(Supplied material Opens)
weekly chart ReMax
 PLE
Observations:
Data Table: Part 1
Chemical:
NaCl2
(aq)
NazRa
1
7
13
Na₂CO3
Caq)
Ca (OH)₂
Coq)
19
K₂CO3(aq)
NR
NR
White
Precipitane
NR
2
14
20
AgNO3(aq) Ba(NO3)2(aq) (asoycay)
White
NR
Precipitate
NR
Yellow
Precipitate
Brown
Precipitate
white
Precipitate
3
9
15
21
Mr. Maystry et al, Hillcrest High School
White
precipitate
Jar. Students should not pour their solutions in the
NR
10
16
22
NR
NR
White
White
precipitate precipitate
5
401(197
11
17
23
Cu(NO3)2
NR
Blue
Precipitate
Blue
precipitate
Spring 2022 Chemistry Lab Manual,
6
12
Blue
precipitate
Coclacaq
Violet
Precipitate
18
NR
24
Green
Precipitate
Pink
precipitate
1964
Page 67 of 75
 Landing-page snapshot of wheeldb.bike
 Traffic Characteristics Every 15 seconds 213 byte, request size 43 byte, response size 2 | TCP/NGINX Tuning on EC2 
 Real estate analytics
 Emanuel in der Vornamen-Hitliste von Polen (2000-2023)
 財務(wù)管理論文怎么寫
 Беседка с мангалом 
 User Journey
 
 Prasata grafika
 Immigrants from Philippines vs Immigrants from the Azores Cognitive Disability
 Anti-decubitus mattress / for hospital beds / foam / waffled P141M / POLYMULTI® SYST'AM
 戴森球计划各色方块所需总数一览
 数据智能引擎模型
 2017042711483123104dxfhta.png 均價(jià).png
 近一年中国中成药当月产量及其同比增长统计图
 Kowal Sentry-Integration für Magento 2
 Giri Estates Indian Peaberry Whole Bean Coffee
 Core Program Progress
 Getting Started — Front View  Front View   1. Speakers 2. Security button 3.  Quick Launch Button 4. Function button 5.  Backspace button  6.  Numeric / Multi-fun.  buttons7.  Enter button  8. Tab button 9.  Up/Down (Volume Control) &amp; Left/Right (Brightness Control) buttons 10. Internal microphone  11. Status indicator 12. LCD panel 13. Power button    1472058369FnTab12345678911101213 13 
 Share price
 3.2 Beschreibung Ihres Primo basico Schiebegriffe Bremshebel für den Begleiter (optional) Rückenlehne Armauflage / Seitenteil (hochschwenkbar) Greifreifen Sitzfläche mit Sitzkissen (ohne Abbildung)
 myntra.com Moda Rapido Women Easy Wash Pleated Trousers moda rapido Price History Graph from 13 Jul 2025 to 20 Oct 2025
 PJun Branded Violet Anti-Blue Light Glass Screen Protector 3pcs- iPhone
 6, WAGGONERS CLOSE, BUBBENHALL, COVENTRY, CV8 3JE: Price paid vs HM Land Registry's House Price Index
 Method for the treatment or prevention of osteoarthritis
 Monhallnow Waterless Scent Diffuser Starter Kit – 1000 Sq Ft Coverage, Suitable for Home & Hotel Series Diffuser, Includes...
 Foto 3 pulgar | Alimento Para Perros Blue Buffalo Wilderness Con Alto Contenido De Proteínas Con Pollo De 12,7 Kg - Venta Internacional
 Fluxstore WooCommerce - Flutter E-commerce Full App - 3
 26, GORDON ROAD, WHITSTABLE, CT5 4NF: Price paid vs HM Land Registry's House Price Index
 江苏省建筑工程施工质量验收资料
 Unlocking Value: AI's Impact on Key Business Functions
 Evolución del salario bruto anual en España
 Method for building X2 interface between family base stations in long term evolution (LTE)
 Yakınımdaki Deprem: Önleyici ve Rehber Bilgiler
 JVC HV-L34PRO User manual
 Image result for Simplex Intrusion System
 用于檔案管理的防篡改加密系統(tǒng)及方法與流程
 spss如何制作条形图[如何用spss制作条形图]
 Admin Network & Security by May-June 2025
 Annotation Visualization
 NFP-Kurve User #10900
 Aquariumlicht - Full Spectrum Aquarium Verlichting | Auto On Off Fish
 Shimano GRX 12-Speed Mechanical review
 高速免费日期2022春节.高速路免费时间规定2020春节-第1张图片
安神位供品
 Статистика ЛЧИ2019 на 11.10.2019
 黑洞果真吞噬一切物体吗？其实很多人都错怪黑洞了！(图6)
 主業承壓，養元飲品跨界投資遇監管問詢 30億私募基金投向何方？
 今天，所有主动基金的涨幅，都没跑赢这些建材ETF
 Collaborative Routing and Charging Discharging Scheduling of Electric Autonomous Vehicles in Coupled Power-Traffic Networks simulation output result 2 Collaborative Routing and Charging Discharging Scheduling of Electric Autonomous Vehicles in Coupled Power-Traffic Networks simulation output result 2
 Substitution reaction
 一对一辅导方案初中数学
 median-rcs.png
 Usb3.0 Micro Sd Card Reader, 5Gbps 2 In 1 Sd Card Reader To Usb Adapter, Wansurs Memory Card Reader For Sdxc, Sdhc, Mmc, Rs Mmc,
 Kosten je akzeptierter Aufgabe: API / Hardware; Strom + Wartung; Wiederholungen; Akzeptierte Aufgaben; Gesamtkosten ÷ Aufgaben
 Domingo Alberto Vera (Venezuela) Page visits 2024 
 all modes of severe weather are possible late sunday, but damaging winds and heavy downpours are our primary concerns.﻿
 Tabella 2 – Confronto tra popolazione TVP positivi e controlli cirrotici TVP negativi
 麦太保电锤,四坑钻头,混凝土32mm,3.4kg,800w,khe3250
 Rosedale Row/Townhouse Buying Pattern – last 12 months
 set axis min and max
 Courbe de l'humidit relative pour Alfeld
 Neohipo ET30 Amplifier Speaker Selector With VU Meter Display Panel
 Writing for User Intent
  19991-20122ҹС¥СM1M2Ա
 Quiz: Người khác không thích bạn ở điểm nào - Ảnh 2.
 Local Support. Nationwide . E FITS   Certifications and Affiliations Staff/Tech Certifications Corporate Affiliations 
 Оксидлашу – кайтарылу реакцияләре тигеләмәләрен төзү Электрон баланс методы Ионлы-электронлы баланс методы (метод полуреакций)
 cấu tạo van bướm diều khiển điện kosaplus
(Supplied material Closes)
• [What the exercise asks]
Within the listing above, extract exactly the lines from the line with "用于檔案管理的防篡改加密系統(tǒng)及方法與流程" to the line with "麦太保电锤,四坑钻头,混凝土32mm,3.4kg,800w,khe3250", the two named lines included, and no others.

• [Solution for this task]
 用于檔案管理的防篡改加密系統(tǒng)及方法與流程
 spss如何制作条形图[如何用spss制作条形图]
 Admin Network & Security by May-June 2025
 Annotation Visualization
 NFP-Kurve User #10900
 Aquariumlicht - Full Spectrum Aquarium Verlichting | Auto On Off Fish
 Shimano GRX 12-Speed Mechanical review
 高速免费日期2022春节.高速路免费时间规定2020春节-第1张图片
安神位供品
 Статистика ЛЧИ2019 на 11.10.2019
 黑洞果真吞噬一切物体吗？其实很多人都错怪黑洞了！(图6)
 主業承壓，養元飲品跨界投資遇監管問詢 30億私募基金投向何方？
 今天，所有主动基金的涨幅，都没跑赢这些建材ETF
 Collaborative Routing and Charging Discharging Scheduling of Electric Autonomous Vehicles in Coupled Power-Traffic Networks simulation output result 2 Collaborative Routing and Charging Discharging Scheduling of Electric Autonomous Vehicles in Coupled Power-Traffic Networks simulation output result 2
 Substitution reaction
 一对一辅导方案初中数学
 median-rcs.png
 Usb3.0 Micro Sd Card Reader, 5Gbps 2 In 1 Sd Card Reader To Usb Adapter, Wansurs Memory Card Reader For Sdxc, Sdhc, Mmc, Rs Mmc,
 Kosten je akzeptierter Aufgabe: API / Hardware; Strom + Wartung; Wiederholungen; Akzeptierte Aufgaben; Gesamtkosten ÷ Aufgaben
 Domingo Alberto Vera (Venezuela) Page visits 2024 
 all modes of severe weather are possible late sunday, but damaging winds and heavy downpours are our primary concerns.﻿
 Tabella 2 – Confronto tra popolazione TVP positivi e controlli cirrotici TVP negativi
 麦太保电锤,四坑钻头,混凝土32mm,3.4kg,800w,khe3250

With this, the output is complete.